After the publication of the Road Map, Sharon will propose dozens of “corrections”. Even now the “map” is strongly tilted towards Sharon. While the Palestinians gave up 78% of the country in Oslo and accepted the remaining 22% for building their own state, and have declared that they want to live in peaceful co-existence with Israel, Sharon talks about “painful concessions” without spelling out what he really means.
If Sharon’s “corrections” are even partly accepted, the plan will lose most of what content it still has. Abu-Mazen will stand there with empty hands, the negotiations will stagnate as in previous rounds. Gradually, the Palestinians will be forced to the conclusion that they can achieve nothing without violence, the fighting organizations will regain the initiative and the armed struggle will resume.

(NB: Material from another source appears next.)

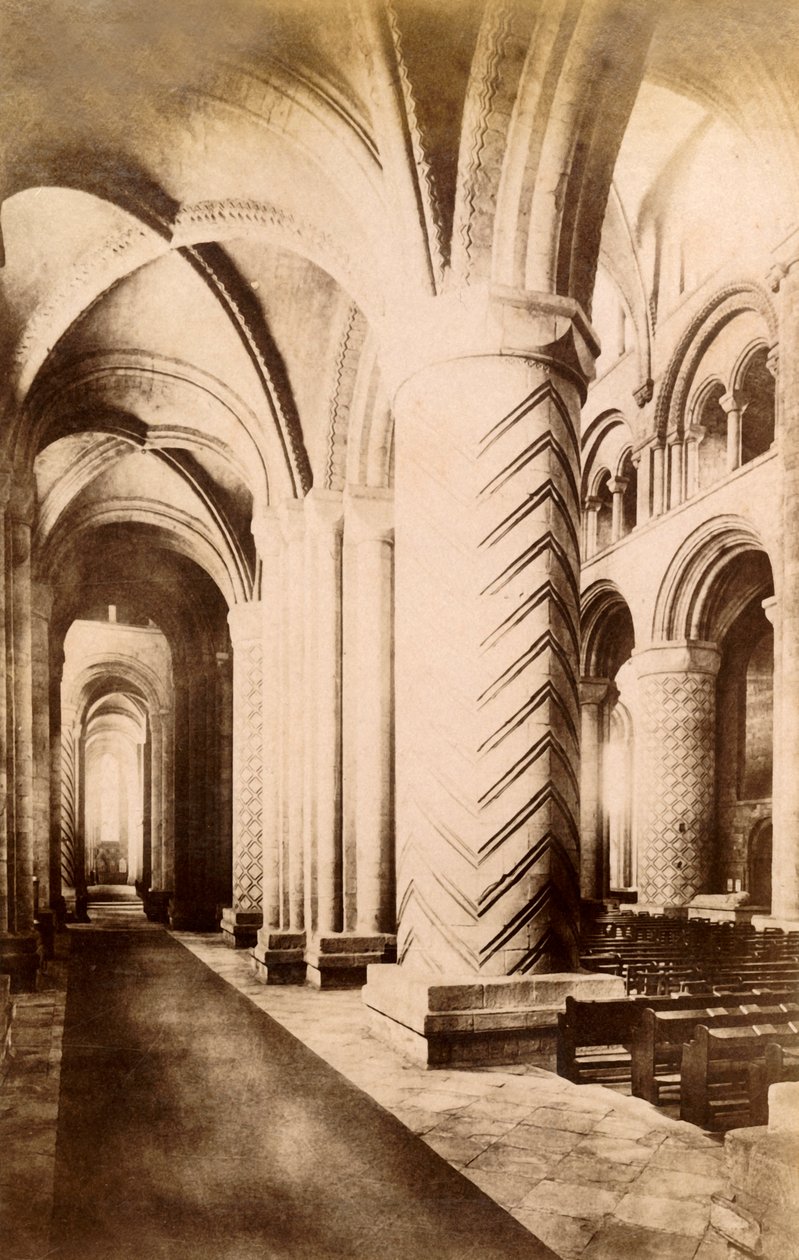 Durham katedral, 1893. av Unbekannt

Sharon and Bush will blame the Palestinians, of course. They will say that Abu-Mazen “has not
delivered the goods”. The Palestinians, for their part, will say that Abu-Mazen is naive, that he has fallen into an American-Israeli trap. He will resign, Arafat’s prestige will rise to new heights.
The next chapter can be foreseen. The Christian fundamentalists and Zionist neo-cons, who control Washington at this time, will demand that Sharon be given a free hand. The Palestinians will embark on the third intifada, more extreme than the two before. Blood and fire and columns of smoke.
It could be different. For example: the US stops treating the Quartet with contempt, pressure is put on Sharon, Bush is not reelected, the negotiations bear fruit, the peace camp wins in Israel, the Palestinian state is founded in peace.
In the Holy Land, miracles have happened before.
But in the meantime, don’t envy Abu-Mazen.